Auf 125 Seiten legen die Kläger dar, warum VW aus ihrer Sicht nicht so weitermachen kann. Sie haben berechnet, dass VW 2018 allein einen CO2-Ausstoß von 582 Millionen Tonnen zu verantworten hatte, etwa ein Prozent des gesamten Weltausstoßes und mehr als der von Australien (527 Millionen Tonnen). Die Zahl schließt die CO2-Menge ein, die VW in eigenen Werken ausstößt, die CO2-Menge, die zum Beispiel entsteht, wenn Strom für ein VW-Werk erzeugt wird, und die CO2-Menge, die unter anderem dadurch in die Luft geblasen wird, dass Autokäufer ihre Fahrzeuge auch nutzen. Hier ist auch Kohlendioxid aus Logistik, Anlagenbau und ähnlichem erfasst.

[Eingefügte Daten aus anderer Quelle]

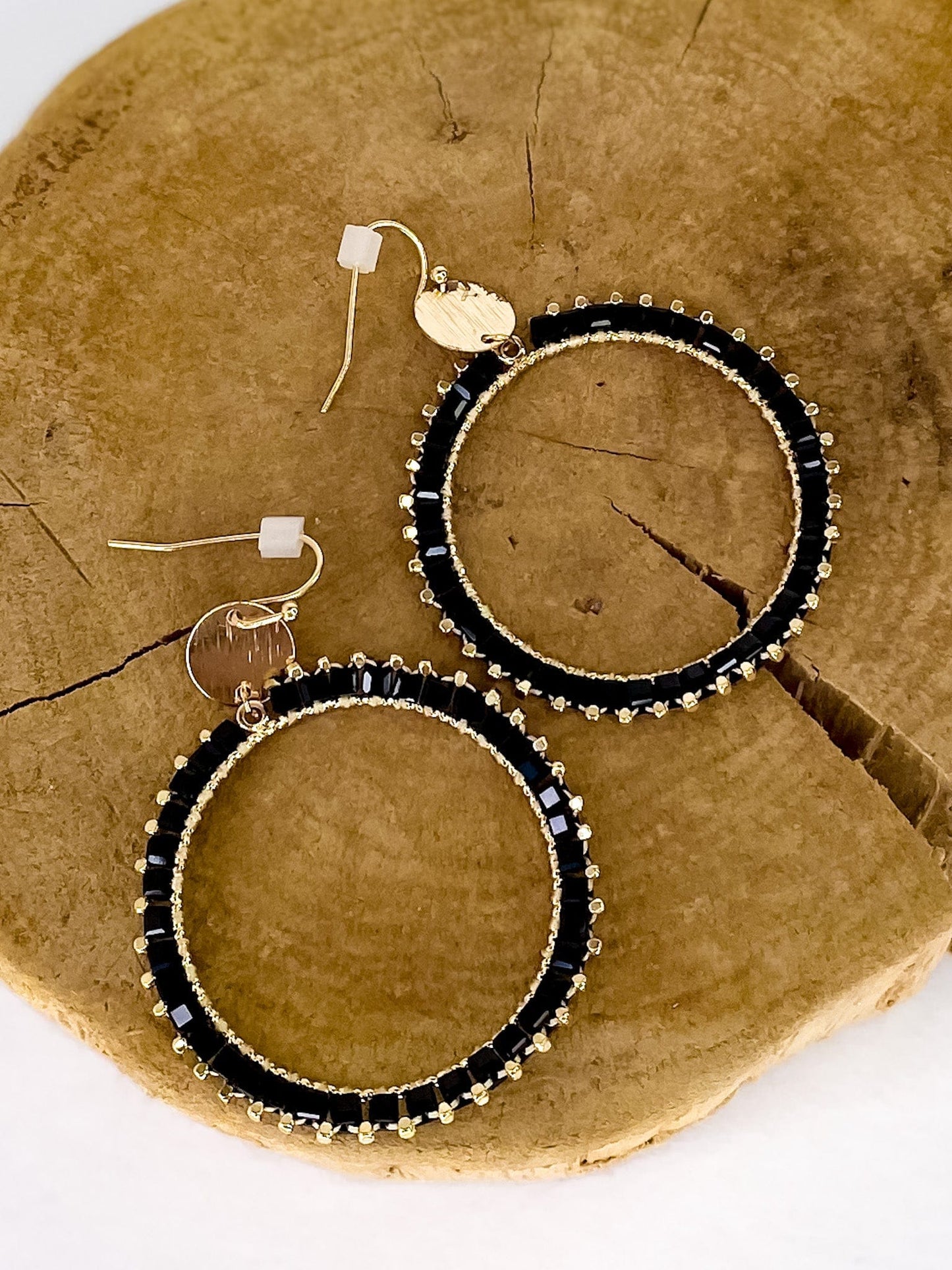 Earrings Black Beaded Circle Earrings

Die erste Menge kann VW beeinflussen, die zweite indirekt, das Fahrverhalten der Kunden aber eher nicht. Und gerade dieser Posten macht den weitaus größten Teil des CO2-Austoßes aus. Im Konzern sieht man sich deshalb zu Unrecht beschuldigt.

VW hofft, dass das Gericht die Klage nicht zulässt. Fraglich ist zum Beispiel, ob der Konzern überhaupt die richtige Adresse ist. „Es ist Aufgabe des demokratisch gewählten Gesetzgebers, den Klimaschutz mit seinen weitreichenden Auswirkungen zu gestalten“, erklärt der Konzern. „Auseinandersetzungen vor Zivilgerichten durch Klagen gegen einzelne dafür herausgegriffene Unternehmen sind dagegen nicht der Ort und das Mittel, um dieser verantwortungsvollen Aufgabe gerecht zu werden.“ Volkswagen stehe für Klimaschutz und eine schnelle Dekarbonisierung des Verkehrssektors, könne diese Herausforderung aber nicht allein bewältigen. „Die Transformation kann nur gelingen, wenn die notwendigen Rahmenbedingungen geschaffen werden: durch staatliche Regulierung, technologische Entwicklung und Nutzerverhalten.“

Die Klage vor dem Landgericht Braunschweig ähnelt der eines Biolandwirts aus dem Kreis Lippe in Nordrhein-Westfalen. Ulf Allhoff-Cramer will VW zwingen, Verbrenner früher aus dem Programm zu nehmen, als der zweitgrößte Autobauer der Welt bisher plant. Allhoff-Cramer sieht sich „durch übermäßige CO2-Emissionen in zentralen Rechtsgütern wie Eigentum, Gesundheit und dem Recht auf Erhalt treibhausgasbezogener Freiheit verletzt“. VW soll den Klimawandel nicht mehr befeuern und Allhoff-Cramers Acker und Wald bei Detmold im östlichen Nordrhein-Westfalen dadurch indirekt zerstören. Die Deutsche Umwelthilfe unterstützt den Biobauern bei seiner Klage. Nach dem ersten Termin vor dem Landgericht Detmold im Mai 2022 legte Allhoff-Cramer im November noch einmal nach. Die nächste Verhandlung ist für den 3. Februar angesetzt.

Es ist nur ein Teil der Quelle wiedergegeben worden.